DESCRIPTION OF THE TASK: Transcribe the following entries word for word; no picture is to appear in the copy.

INPUT:
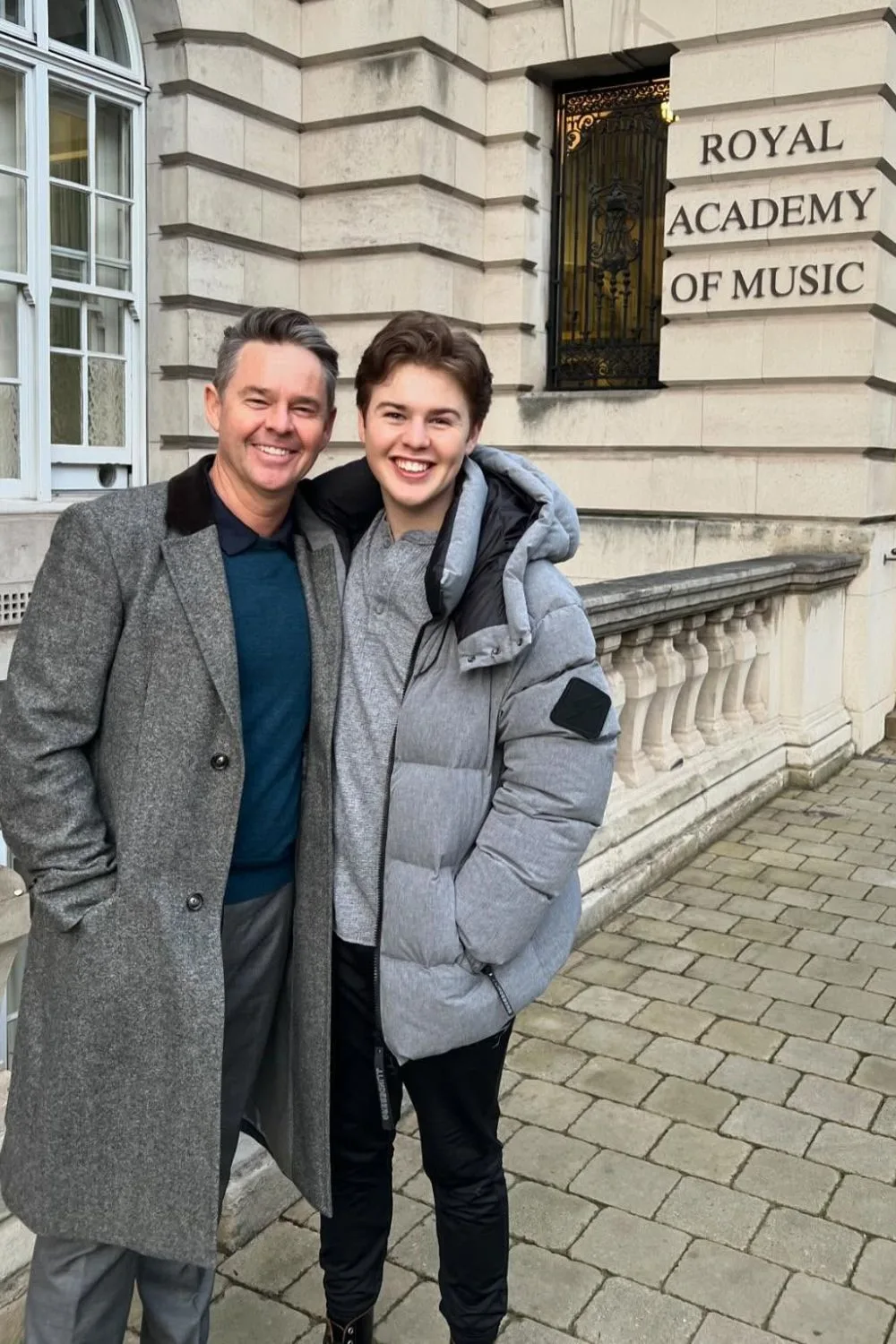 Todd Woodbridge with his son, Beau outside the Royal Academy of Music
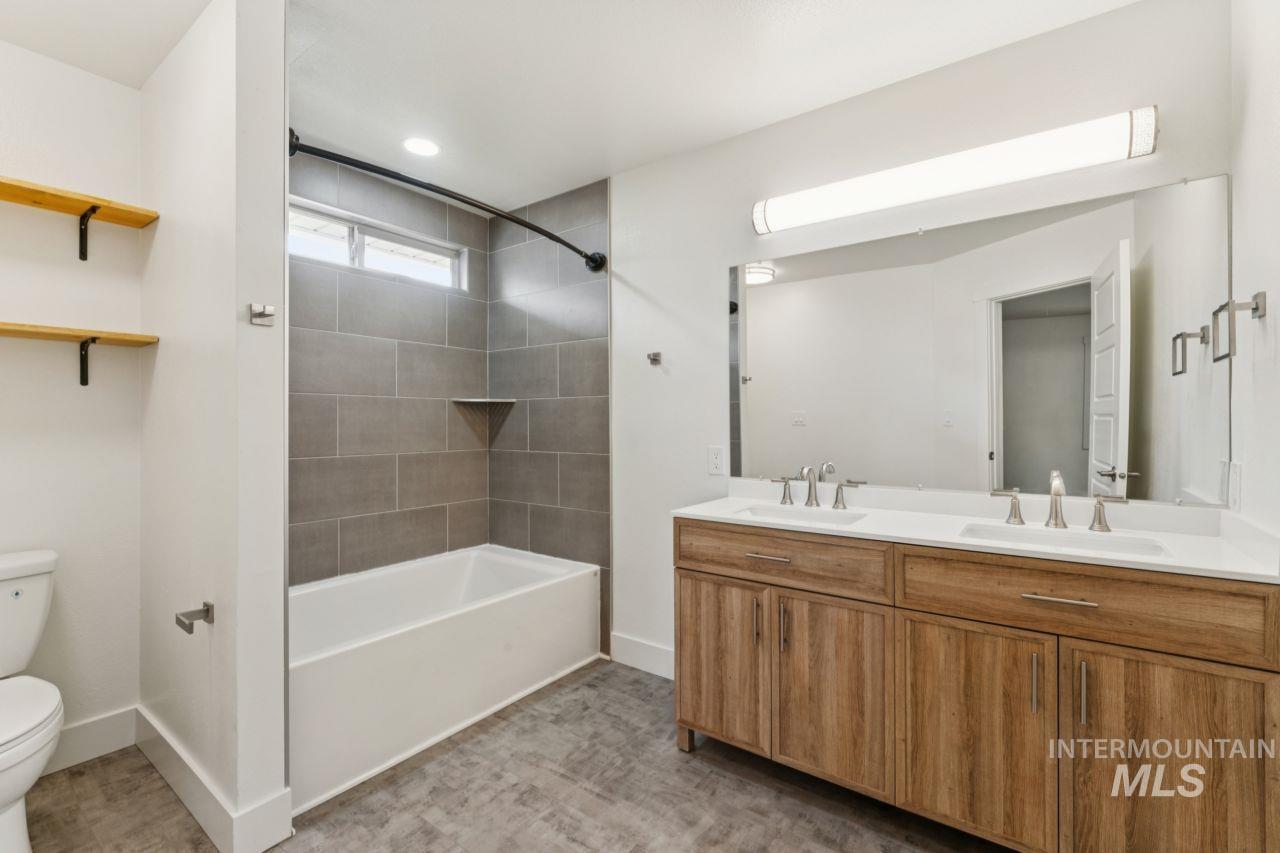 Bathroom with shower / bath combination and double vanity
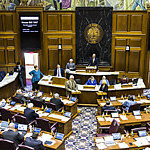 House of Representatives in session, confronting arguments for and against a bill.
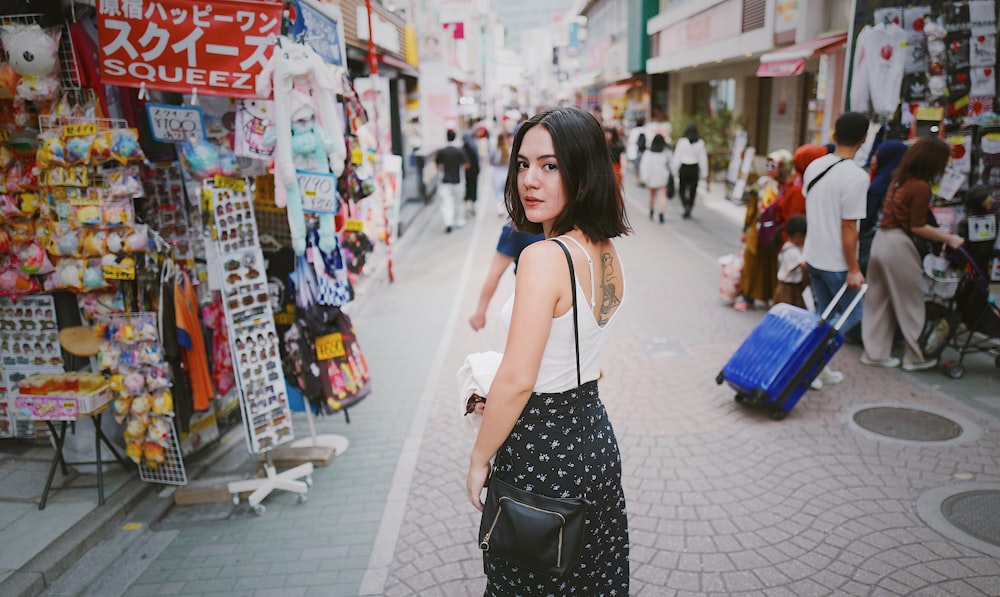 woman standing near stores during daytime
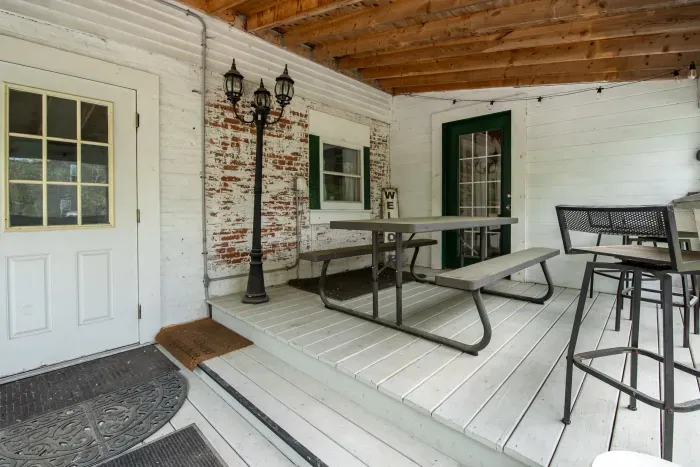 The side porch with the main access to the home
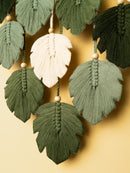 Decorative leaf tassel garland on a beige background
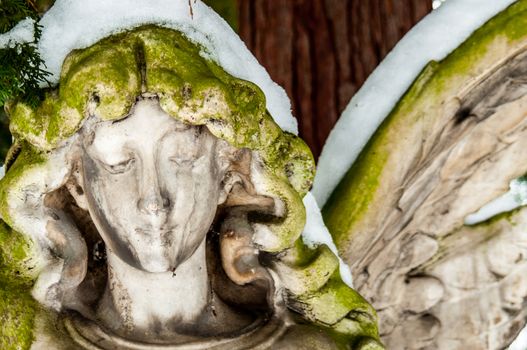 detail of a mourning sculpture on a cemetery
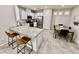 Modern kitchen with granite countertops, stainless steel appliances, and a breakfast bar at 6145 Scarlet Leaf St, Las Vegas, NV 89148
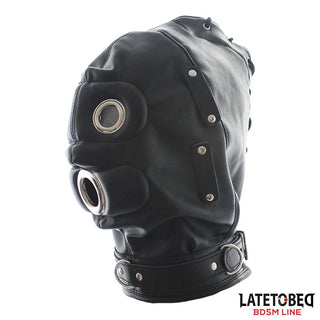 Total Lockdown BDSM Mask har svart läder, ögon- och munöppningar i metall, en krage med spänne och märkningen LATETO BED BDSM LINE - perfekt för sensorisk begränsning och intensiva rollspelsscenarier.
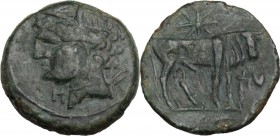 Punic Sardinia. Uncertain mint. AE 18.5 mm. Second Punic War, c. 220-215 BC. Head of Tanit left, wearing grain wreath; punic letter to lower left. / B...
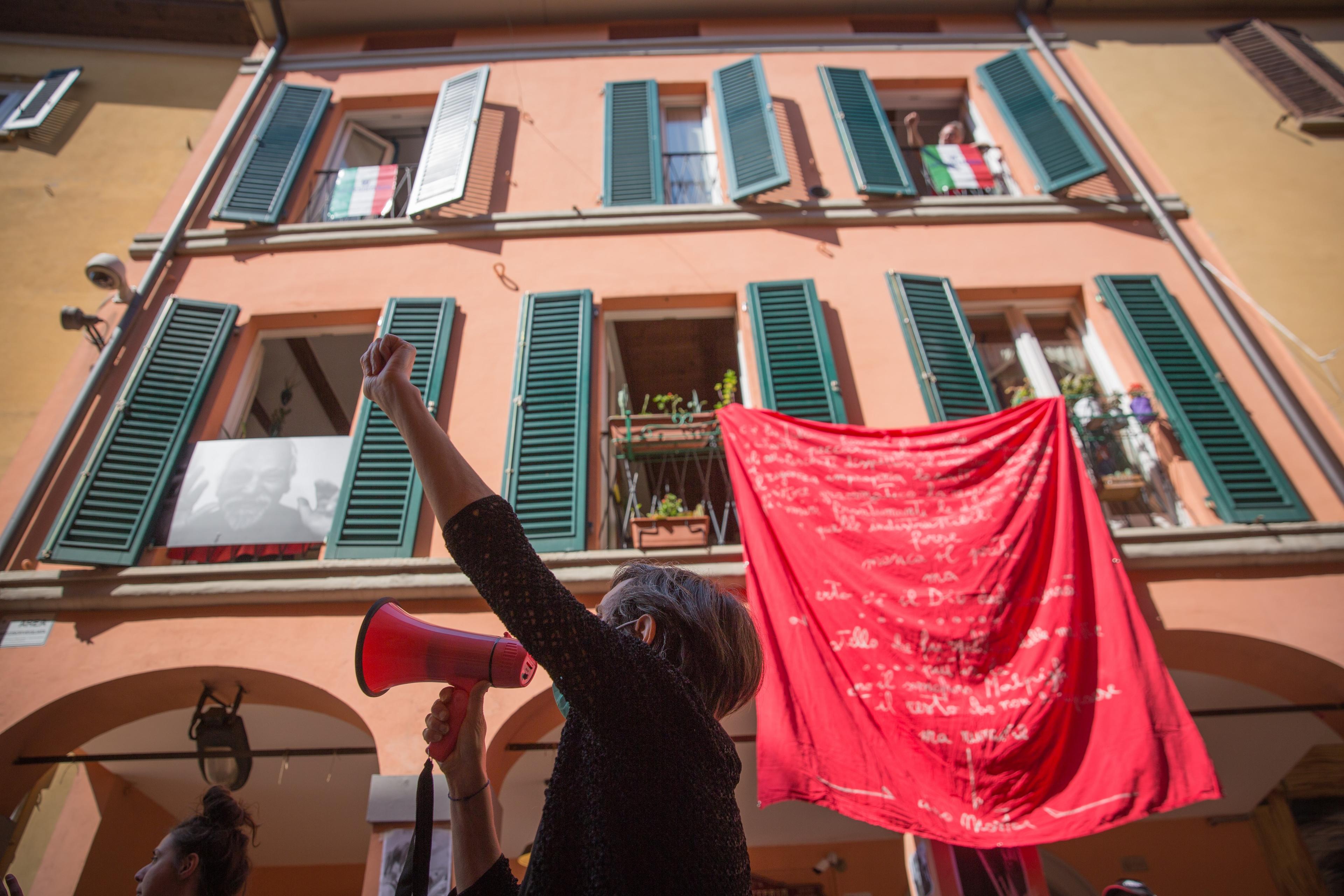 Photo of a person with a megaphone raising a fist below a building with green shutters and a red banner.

RESULT BELOW:
 Todd Woodbridge with his son, Beau outside the Royal Academy of Music
 Bathroom with shower / bath combination and double vanity
 House of Representatives in session, confronting arguments for and against a bill.
 woman standing near stores during daytime
 The side porch with the main access to the home
 Decorative leaf tassel garland on a beige background
 detail of a mourning sculpture on a cemetery
 Modern kitchen with granite countertops, stainless steel appliances, and a breakfast bar at 6145 Scarlet Leaf St, Las Vegas, NV 89148
 Total Lockdown BDSM Mask har svart läder, ögon- och munöppningar i metall, en krage med spänne och märkningen LATETO BED BDSM LINE - perfekt för sensorisk begränsning och intensiva rollspelsscenarier.
 Punic Sardinia. Uncertain mint. AE 18.5 mm. Second Punic War, c. 220-215 BC. Head of Tanit left, wearing grain wreath; punic letter to lower left. / B...
 Photo of a person with a megaphone raising a fist below a building with green shutters and a red banner.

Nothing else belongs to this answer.